La démocratie « Canada-dry ».

 

Après ces modifications, en Turquie, il n'y a plus de premier ministre, tous les pouvoirs sont concentrés entre les seules mains du président Erdogan qui peut nommer autant de vice-présidents et de ministres qu'il l'entend, élus ou non, de sa famille si ça lui chante ou de ses amis, et selon ses seuls propres critères. Bonnet phrygien sur le dispositif, Erdogan peut présider son parti tout en présidant la République et donc choisir les candidats à la députation pour des élections désormais concomitantes à la sienne propre, ce qui lui assure presque à coup sûr une « chambre introuvable » et aux ordres.

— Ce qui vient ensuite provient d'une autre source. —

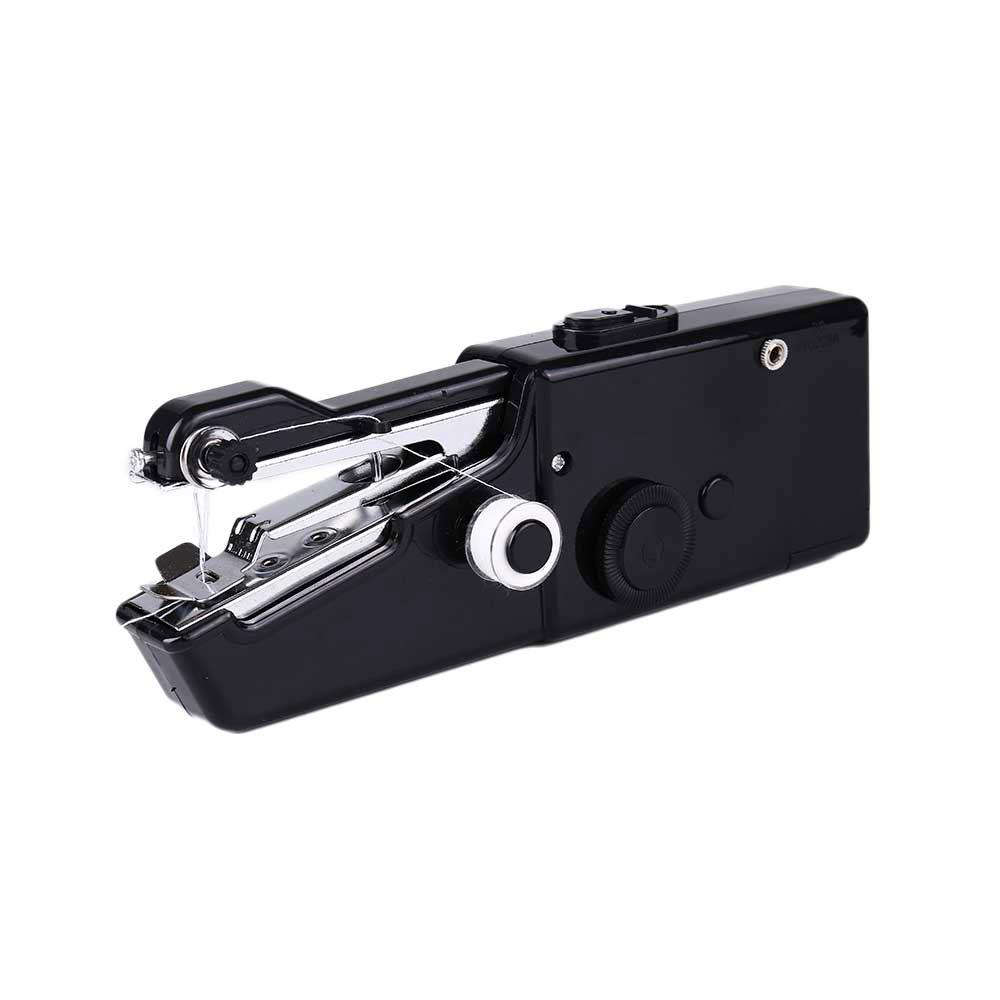 Portable Mini Manual Sewing Machine, Easy-to-Use Tool for Fabric, Handy Needlework Accessories, DIY Electric Household Device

C'est la fin de la séparation des pouvoirs, le législatif étant devenu la prérogative du seul Erdogan lequel ne peut être censuré par une Assemblée nationale qui lui doit tout et qui, si elle le voulait, devrait émettre un vote des deux tiers de ses membres. Autant courir après le merle blanc à queue rouge...

 

Pour ce qui concerne le pouvoir judiciaire, la nouvelle Constitution et le génie politique du dictateur n'ont pas eu la main légère : la Cour constitutionnelle passe de 12 à 15 membres, 12 sont nommés par le président et 3 par l'Assemblée aux ordres ! Le Haut Conseil de la magistrature perd son indépendance, son président est nommé par Erdogan, 4 membres par ce président et 7 par l'Assemblée. Ça ne s'invente pas ! Et les dominos poursuivent leur chute : les membres de la Cour de cassation sont nommés par le Conseil de la magistrature dont on a vu l'indépendance. et les membres du Conseil d'État nommés aux deux tiers par ce même Conseil de la magistrature, l'autre tiers l'étant par le président de la République, autrement dit par Erdogan, le vrai patron de l'ensemble.

 

Résumons : dorénavant en Turquie l'Exécutif, c'est Erdogan, le Législatif, c'est encore Erdogan et le Judiciaire, c'est toujours Erdogan. Ainsi vont les démocratures, ces démocraties « Canada-dry » organisées pour le plus grand profit d'un Chef et de ses affidés et dont le gouvernement est fondé sur la criminalisation des opposants, leur élimination y compris physique, la musellement des média dont seuls ceux qui œuvrent pour le pouvoir en place sont tolérés et la mise sous tutelle des « contre-pouvoirs » classiques, qu'ils soient politiques, institutionnels ou sociaux.

 

Difficile de continuer d'appeler encore de tels régimes démocraties.

 

Gilles Poulet

Juin 2018

1 Fethullah Gülen, qui a aidé Erdogan à accéder au pouvoir, est désormais son ennemi juré et il s'est exilé aux É-U.

2Le Parti des travailleurs du Kurdistan, détesté et combattu incessamment par Erdogan et ses affidés.